[[ Data section open ]]
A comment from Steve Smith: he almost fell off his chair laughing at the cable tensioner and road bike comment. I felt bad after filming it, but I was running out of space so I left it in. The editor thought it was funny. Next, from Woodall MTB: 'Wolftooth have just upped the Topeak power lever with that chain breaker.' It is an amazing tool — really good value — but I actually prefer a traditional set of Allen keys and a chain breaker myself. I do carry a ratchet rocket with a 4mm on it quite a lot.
[[ Data section closed ]]
[[ Data section open ]]
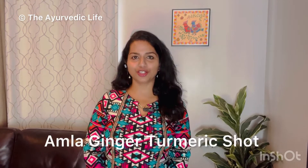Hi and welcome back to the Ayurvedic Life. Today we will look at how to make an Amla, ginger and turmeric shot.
[[ Data section closed ]]
[[ Data section open ]]
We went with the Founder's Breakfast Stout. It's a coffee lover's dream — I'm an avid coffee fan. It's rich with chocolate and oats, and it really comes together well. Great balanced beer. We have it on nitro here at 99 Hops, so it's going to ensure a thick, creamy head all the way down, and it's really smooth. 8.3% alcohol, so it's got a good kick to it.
[[ Data section closed ]]
### Brief
Every line of the entries above that holds "good" should be copied out.

### Exercise result
A comment from Steve Smith: he almost fell off his chair laughing at the cable tensioner and road bike comment. I felt bad after filming it, but I was running out of space so I left it in. The editor thought it was funny. Next, from Woodall MTB: 'Wolftooth have just upped the Topeak power lever with that chain breaker.' It is an amazing tool — really good value — but I actually prefer a traditional set of Allen keys and a chain breaker myself. I do carry a ratchet rocket with a 4mm on it quite a lot.
We went with the Founder's Breakfast Stout. It's a coffee lover's dream — I'm an avid coffee fan. It's rich with chocolate and oats, and it really comes together well. Great balanced beer. We have it on nitro here at 99 Hops, so it's going to ensure a thick, creamy head all the way down, and it's really smooth. 8.3% alcohol, so it's got a good kick to it.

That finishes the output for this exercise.